◆ **Instructions to follow**: Starting at the line that contains "cheeta print t shirt", quote each line exactly through the last line of the entries, both included.

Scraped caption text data

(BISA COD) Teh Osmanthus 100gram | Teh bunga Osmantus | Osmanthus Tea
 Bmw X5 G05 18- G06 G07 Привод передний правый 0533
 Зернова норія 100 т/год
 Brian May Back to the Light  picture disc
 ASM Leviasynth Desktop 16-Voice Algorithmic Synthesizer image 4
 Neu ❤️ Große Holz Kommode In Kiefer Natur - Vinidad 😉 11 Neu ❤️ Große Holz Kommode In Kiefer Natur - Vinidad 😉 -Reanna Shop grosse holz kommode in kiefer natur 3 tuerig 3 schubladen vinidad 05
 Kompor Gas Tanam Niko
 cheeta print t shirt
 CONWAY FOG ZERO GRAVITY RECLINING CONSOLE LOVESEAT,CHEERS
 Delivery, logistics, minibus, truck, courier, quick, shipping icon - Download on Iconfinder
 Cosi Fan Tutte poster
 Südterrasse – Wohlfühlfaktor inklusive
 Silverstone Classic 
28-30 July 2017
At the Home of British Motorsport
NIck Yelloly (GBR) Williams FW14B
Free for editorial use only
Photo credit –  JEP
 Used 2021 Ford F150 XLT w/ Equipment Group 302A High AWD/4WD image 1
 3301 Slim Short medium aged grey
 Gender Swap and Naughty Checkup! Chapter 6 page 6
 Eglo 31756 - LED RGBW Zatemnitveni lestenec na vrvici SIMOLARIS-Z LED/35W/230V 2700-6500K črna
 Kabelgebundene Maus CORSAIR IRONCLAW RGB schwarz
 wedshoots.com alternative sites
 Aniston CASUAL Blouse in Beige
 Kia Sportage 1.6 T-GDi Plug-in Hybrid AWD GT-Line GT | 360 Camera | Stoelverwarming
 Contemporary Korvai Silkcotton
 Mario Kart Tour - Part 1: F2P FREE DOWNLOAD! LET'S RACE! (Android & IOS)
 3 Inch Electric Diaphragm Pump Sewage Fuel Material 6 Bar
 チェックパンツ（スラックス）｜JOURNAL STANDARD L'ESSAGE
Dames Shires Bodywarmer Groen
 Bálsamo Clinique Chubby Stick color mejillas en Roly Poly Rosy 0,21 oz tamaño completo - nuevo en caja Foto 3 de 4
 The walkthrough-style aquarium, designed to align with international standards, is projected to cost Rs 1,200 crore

◆ **Solution to the exercise**:
 cheeta print t shirt
 CONWAY FOG ZERO GRAVITY RECLINING CONSOLE LOVESEAT,CHEERS
 Delivery, logistics, minibus, truck, courier, quick, shipping icon - Download on Iconfinder
 Cosi Fan Tutte poster
 Südterrasse – Wohlfühlfaktor inklusive
 Silverstone Classic 
28-30 July 2017
At the Home of British Motorsport
NIck Yelloly (GBR) Williams FW14B
Free for editorial use only
Photo credit –  JEP
 Used 2021 Ford F150 XLT w/ Equipment Group 302A High AWD/4WD image 1
 3301 Slim Short medium aged grey
 Gender Swap and Naughty Checkup! Chapter 6 page 6
 Eglo 31756 - LED RGBW Zatemnitveni lestenec na vrvici SIMOLARIS-Z LED/35W/230V 2700-6500K črna
 Kabelgebundene Maus CORSAIR IRONCLAW RGB schwarz
 wedshoots.com alternative sites
 Aniston CASUAL Blouse in Beige
 Kia Sportage 1.6 T-GDi Plug-in Hybrid AWD GT-Line GT | 360 Camera | Stoelverwarming
 Contemporary Korvai Silkcotton
 Mario Kart Tour - Part 1: F2P FREE DOWNLOAD! LET'S RACE! (Android & IOS)
 3 Inch Electric Diaphragm Pump Sewage Fuel Material 6 Bar
 チェックパンツ（スラックス）｜JOURNAL STANDARD L'ESSAGE
Dames Shires Bodywarmer Groen
 Bálsamo Clinique Chubby Stick color mejillas en Roly Poly Rosy 0,21 oz tamaño completo - nuevo en caja Foto 3 de 4
 The walkthrough-style aquarium, designed to align with international standards, is projected to cost Rs 1,200 crore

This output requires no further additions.